Mitral Stenosis


Zoltan G. Turi
UCSD School of Medicine
San Diego, CA, USA


While current guidelines reserve percutaneous balloon commissurotomy for patients with severe mitral stenosis (Class III-IV symptoms), Dr. Turi urges lowering the threshold. Evidence for the homodynamic benefits is strong and delay entails its own risks. Randomized studies are needed to confirm benefits.

Reviewing the evolution of treatment of mitral stenosis over the 80 years since the first successful treatment, Dr. Turi noted that strategies have come full circle. From initial closed commissurotomy to open repair, and again to closed repair with the advent of percutaneous balloon procedures in the 1980s.

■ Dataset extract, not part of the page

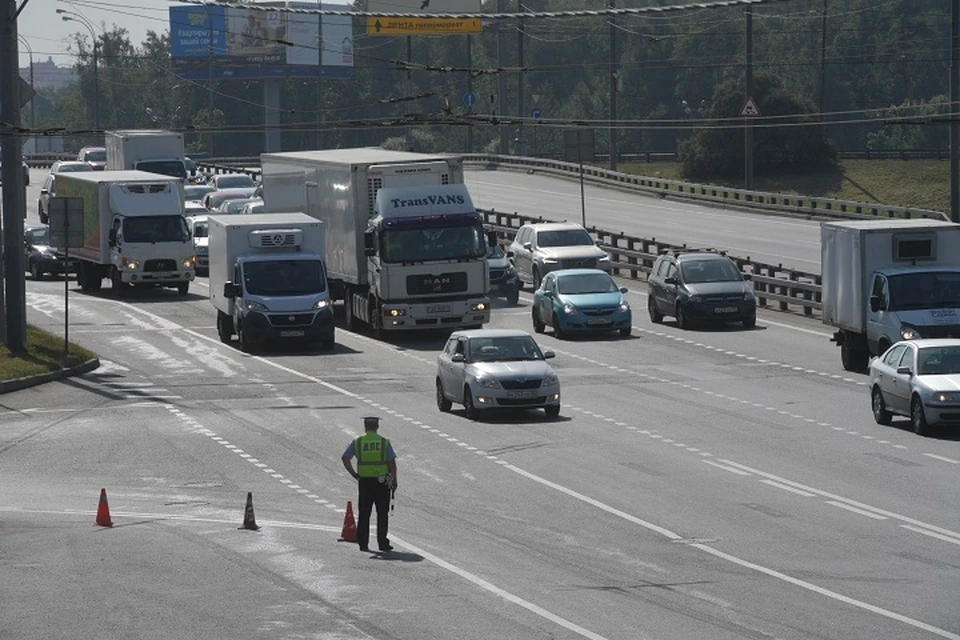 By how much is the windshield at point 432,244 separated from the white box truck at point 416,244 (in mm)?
22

Dr. Turi pointed out that the initial enthusiasm over the 50% reduction in gradient and doubling of valve area with balloon valvuloplasty was high. Also, many studies have shown that that superior hemodynamic results with the balloon approach are maintained to 3 and even 10 years, although with gradual loss of initial hemodynamic gain.

Current guidelines, however, indicate balloon commissurotomy only for severe mitral stenosis with Class III-IV symptoms. Dr. Turi reviewed factors suggesting lowering the threshold for such treatment.

The percutaneous balloon approach is relatively safe and non-disfiguring and is potentially an outpatient procedure. It is effective first-line therapy for mitral stenosis among patients with good anatomic features. Also, patients with mild disease may have disproportionately severe symptoms that merit effective treatment. On the other hand, early dilation of mild mitral stenosis (Class II) has a 2.9% mortality rate, causes mitral regurgitation in 6.7%, and stroke in 1.1%. Delaying and relying on medical therapy avoids such risks, but opens the door to others. They including progressive pulmonary hypertension, systemic embolization, pulmonary edema, hemoptysis, right ventricular failure and cardiac cirrhosis.

While urging a lower threshold for percutaneous therapy, Dr. Turi said that randomized trials are needed to show whether the excellent initial hemodynamic results with the balloon strategy actually slow progression to pulmonary hypertension, slow progression to atrial fibrillation, lower rates of cerebrovascular events, and have long-term positive effects on left ventricular function.